WHAT YOU ARE ASKED TO DO
When a line contains the string "there", it counts once; give the total of such lines in the entries below and nothing else.

(Saved data entries)
* * * * * * * * *

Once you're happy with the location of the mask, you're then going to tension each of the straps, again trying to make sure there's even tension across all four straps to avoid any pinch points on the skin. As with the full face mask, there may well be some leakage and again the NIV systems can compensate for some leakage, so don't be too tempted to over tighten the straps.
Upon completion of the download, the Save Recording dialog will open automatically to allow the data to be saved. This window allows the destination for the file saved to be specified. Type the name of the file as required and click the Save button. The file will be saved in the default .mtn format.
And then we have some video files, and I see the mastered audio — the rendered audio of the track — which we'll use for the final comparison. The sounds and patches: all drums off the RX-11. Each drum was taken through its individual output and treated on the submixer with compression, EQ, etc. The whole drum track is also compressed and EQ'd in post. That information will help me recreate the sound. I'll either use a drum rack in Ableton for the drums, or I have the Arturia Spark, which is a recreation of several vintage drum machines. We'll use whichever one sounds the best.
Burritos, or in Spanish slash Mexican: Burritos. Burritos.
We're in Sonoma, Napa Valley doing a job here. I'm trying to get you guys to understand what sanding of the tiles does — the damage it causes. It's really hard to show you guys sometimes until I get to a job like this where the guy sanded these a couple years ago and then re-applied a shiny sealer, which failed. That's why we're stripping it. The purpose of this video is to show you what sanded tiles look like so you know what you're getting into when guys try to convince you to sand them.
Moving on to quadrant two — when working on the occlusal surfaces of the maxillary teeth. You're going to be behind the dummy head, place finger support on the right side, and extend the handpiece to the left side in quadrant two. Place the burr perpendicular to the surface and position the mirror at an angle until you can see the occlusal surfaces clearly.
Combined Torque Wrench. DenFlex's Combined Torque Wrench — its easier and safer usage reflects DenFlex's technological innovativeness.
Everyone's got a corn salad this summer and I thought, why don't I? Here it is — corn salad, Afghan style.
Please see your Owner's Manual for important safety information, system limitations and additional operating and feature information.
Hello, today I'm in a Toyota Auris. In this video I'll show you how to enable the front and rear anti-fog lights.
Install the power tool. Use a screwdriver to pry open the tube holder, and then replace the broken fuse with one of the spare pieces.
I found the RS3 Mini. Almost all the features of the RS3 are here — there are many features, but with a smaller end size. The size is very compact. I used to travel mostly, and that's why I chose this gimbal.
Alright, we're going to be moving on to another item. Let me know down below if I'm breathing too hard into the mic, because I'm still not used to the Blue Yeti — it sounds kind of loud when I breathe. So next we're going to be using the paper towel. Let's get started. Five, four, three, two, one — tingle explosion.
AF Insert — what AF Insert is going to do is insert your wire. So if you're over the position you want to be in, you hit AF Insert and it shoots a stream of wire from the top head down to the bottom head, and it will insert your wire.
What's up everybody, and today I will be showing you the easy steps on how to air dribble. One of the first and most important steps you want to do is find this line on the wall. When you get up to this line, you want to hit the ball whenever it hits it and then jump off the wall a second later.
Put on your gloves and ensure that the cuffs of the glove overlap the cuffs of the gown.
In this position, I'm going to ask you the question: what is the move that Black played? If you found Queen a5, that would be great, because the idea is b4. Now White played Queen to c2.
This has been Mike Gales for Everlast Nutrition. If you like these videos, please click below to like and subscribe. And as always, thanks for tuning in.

* * * * * * * * *

WORKED SOLUTION
2